In order to deal with this problem, tools like Terraform came about, and were called "Cloud Orchestrators" (because it sounds cooler than "Cloud Configuration Management Tools"). Terraform was built to create an AWS S3 bucket, check its state, and try to re-apply the old state if it changes.
But this introduces some familiar problems. We have to write code again, and maintain a tool. When we run the tool, sometimes it doesn't work or causes unknown bugs, and we have to fix it while the system is broken. And what's worse is, Terraform won't try to apply the correct System state if it's been changed by anything other than Terraform itself. So it's actually less useful than the older CM tools at doing what we want: fixing the System's state.

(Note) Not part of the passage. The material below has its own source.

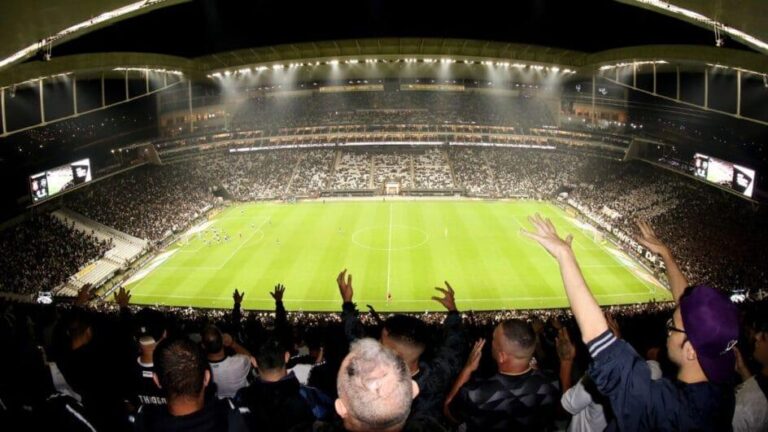 Corinthians busca vitória crucial para garantir mando em semifinal do Paulistão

Most Cloud services today are not immutable, the tools we have to deal with this are worse than CM tools, and only the developers of Cloud systems can solve this dilemma. They must design their Systems to enable Immutable operations, as they do on VMs, Containers, etc. Until then, we will have the same problems we had with CM, just with different names.
In the mean time, we can attempt to move away from tools like Terraform. We can move back to libraries of common code that perform specific functions on multiple platforms, the way CM tools once did, and fix System state regardless of how it was changed.
The tools we need mostly don't exist yet. They require a lot of engineering power, and it's very hard to move an entire industry in the right direction. Hopefully the Cloud Computing industry can learn the right lessons and move away from stateful, difficult to manage services, for the benefit of its users and society in general.